* What is being asked *
Having located "Billabong Revolution Natural", write out its line and the remaining lines of the material exactly, the last one included, but not the pictures.

* Stored data *
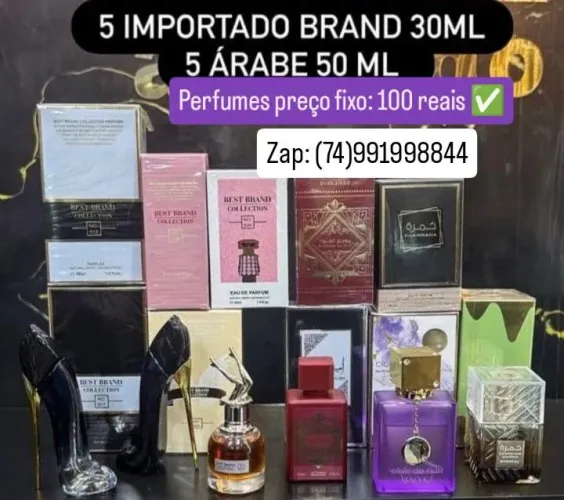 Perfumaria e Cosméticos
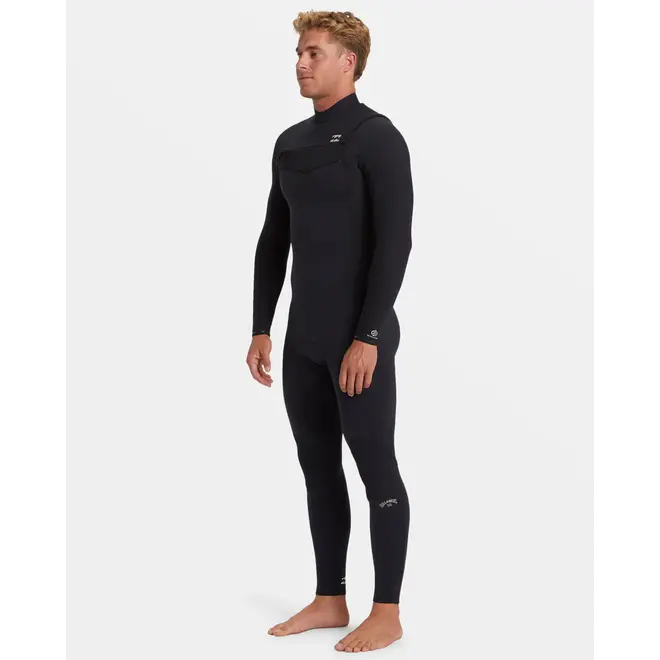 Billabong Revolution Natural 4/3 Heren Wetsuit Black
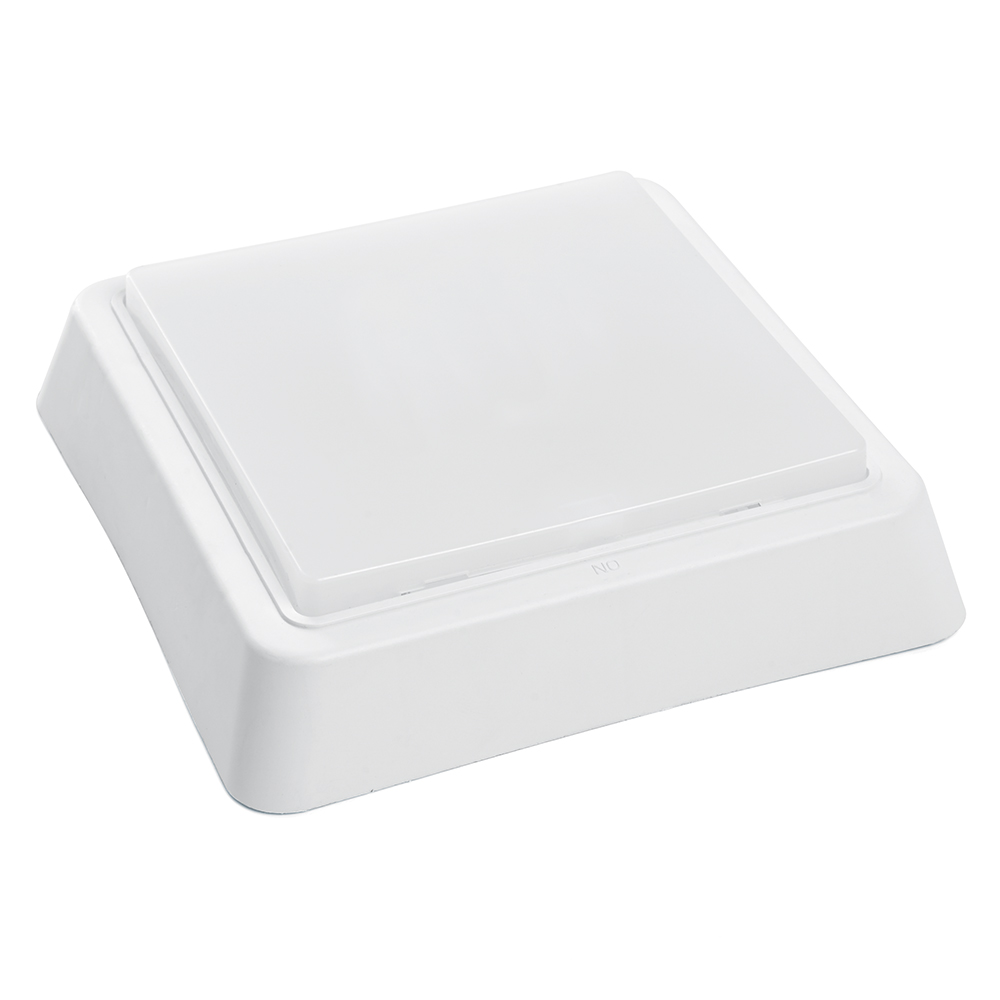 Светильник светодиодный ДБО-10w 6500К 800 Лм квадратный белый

* Answer section *
 Billabong Revolution Natural 4/3 Heren Wetsuit Black
 Светильник светодиодный ДБО-10w 6500К 800 Лм квадратный белый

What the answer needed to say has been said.